Medicare Benefit Policy Manual Updated to Permit Payment for Physical Therapy, Nursing Care and Other Services
In January 2014, the Center for Medicare & Medicaid Services (CMS) updated its Medicare Benefit Policy Manual (“Policy Manual”) to reflect a change whereby Medicare will now compensate Medicare beneficiaries for certain skilled care, including physical therapy, nursing care, and other such services, without taking into account the patient’s likelihood of improvement or prognosis of a chronic disease. The clarification in policy will affect care provided by skilled care professionals providing services to Medicare and Medicare Advantage plan beneficiaries for physical, occupational or speech therapy, and home health and nursing home care.
For years, it has been standard practice for skilled care to be discontinued once it was determined that a patient was ‘not improving’; Beneficiaries with chronic diseases such as multiple sclerosis, Parkinson’s or Alzheimer’s disease were not able to maintain their condition and prevent further deterioration. The Policy Manual has been revised to clarify that coverage of skilled nursing and skilled therapy services in the skilled nursing facility, home health and outpatient therapy settings “does not turn on the presence or absence of a beneficiary’s potential for improvement, but rather on the beneficiary’s need for skilled care.”
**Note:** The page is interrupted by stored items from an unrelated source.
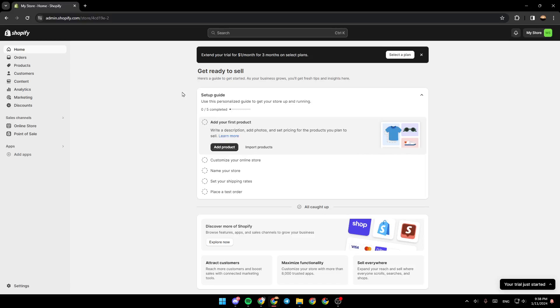Hello everyone, and welcome back to a new video. In this video, I'm going to show you how to name your Shopify store. If you want to learn how to do it, just follow the steps that I'm going to show you.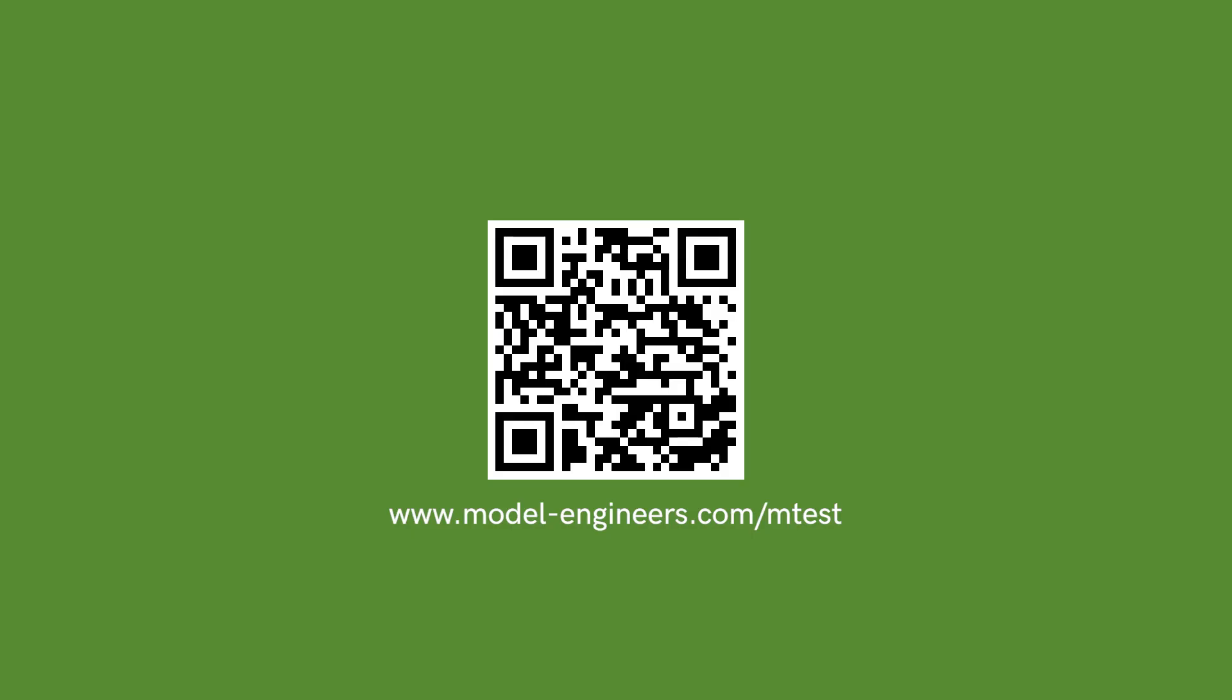Yeah, it was nice to show you the new features of MTest. Thank you. Thank you. Bye bye.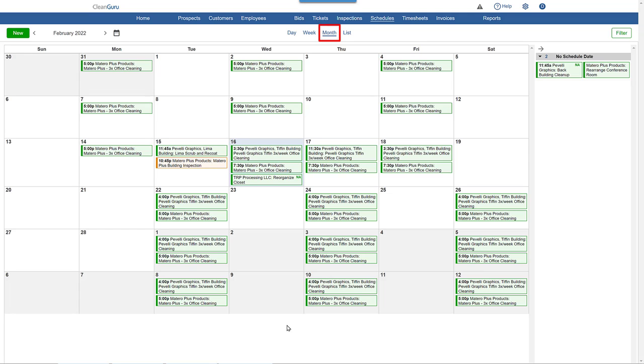The month view shows all tickets and inspections scheduled for the month selected. A useful filter is available here on the right.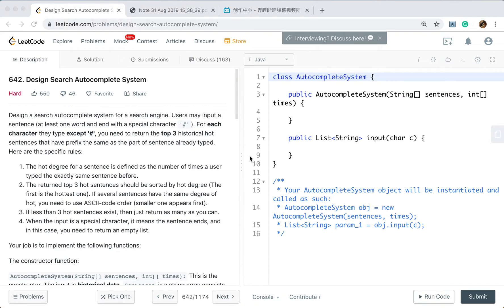Hello friends, today let's solve the design search autocomplete system problem. We need to design a search autocomplete system for a search engine. Users may input a sentence — at least one word — and end with a special character sharp.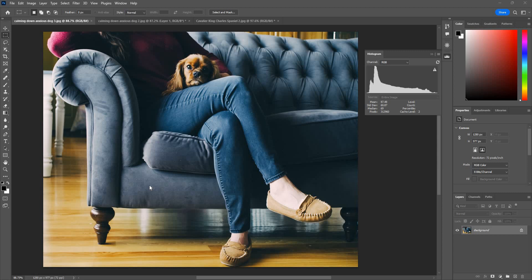Hey guys and welcome to another Photoshop tutorial here on psdevol.com YouTube channel. In this tutorial I'm going to quickly show you how to read histogram in Photoshop. So yeah, let's get started.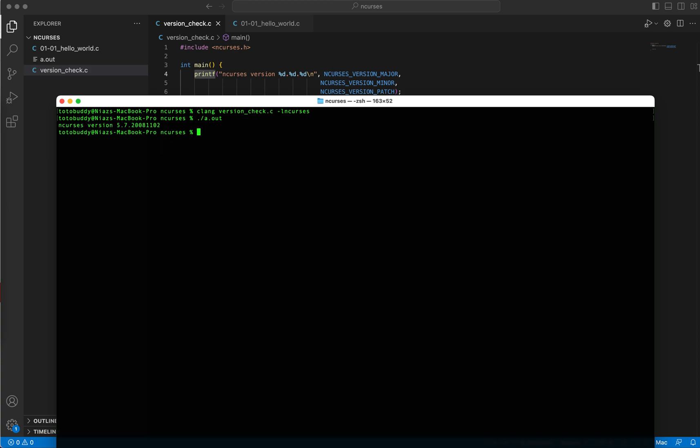Now let me run the executable, and I see that ncurses version is showing here. And if it is not included in your system, if ncurses.h header file is not in your system, look for online solutions and that might help. Thank you.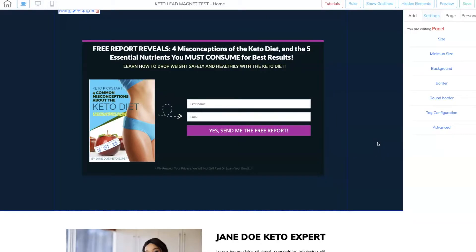All right, so hack number two: you can save on your building time by saving your favorite panels in your personal section of the Cheetah Builder, so that when you go to build a lead capture page, all you have to do is click on your personal favorites and it'll drop them inside of the Cheetah Builder. That will help you build your pages a lot faster because you've already got your favorite templates set aside. Let me show you how that works.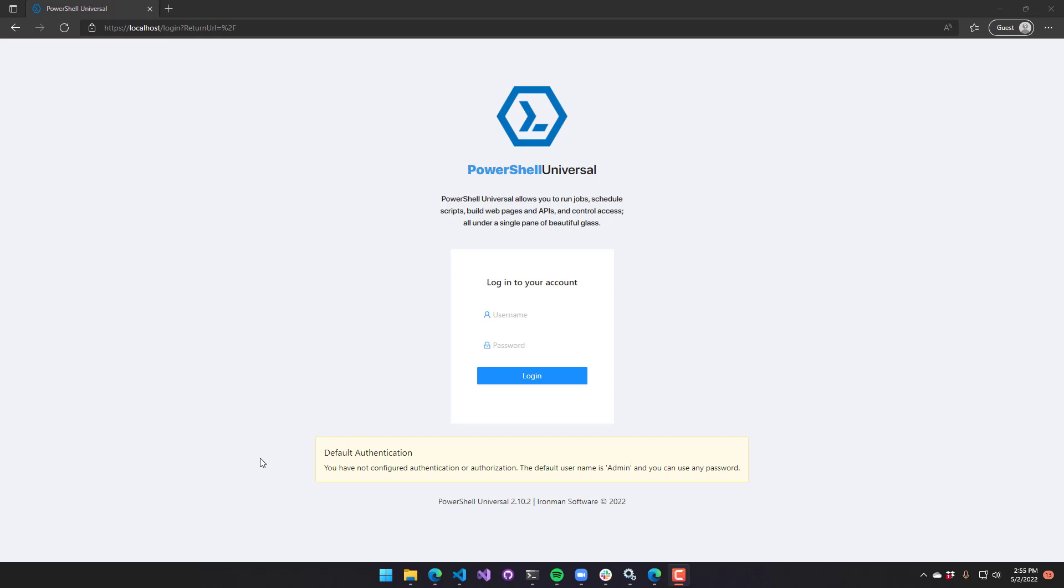In this video, we'll look at the environments feature of PowerShell Universal. Environments allow you to set up different execution environments for your PowerShell scripts.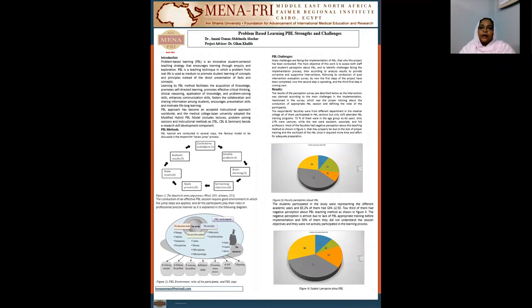Hi everybody. I'm Dr. Amani Osman. I'm a community physician and assistant professor at medical colleges and universities.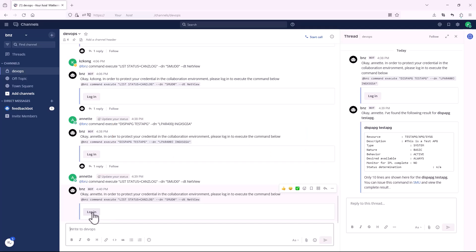Again, to protect your credential in the collaboration environment, you need to log in to list the status of CanSlog for NetView domain.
Eligibility criteria for the reimbursement of such skilled care services include, most notably:
- Physical and speech therapy – Therapy provided in a nursing home or an outpatient facility is subject this year to a $1,920 therapy cap, with an automatic exception for medically necessary treatments up to $3,700
- Home health coverage – Patient must obtain a doctor’s order for intermittent care on, at least, a weekly basis
- Nursing home coverage – Patient must have spent three consecutive nights in the hospital as an admitted patient, and must obtain a doctor’s order prescribing skilled nursing home care
The change is expected to have a tremendous effect on beneficiaries, allowing for patients with chronic diseases to seek and obtain skilled care for a longer period of time and from their own homes without seeking institutional care. Medicare has not, however, announced the significant update to its beneficiaries; in fact, Medicare officials were required only to inform health care providers, bill processors, auditors, Medicare Advantage plans, the Medicare information line, and appeals judges.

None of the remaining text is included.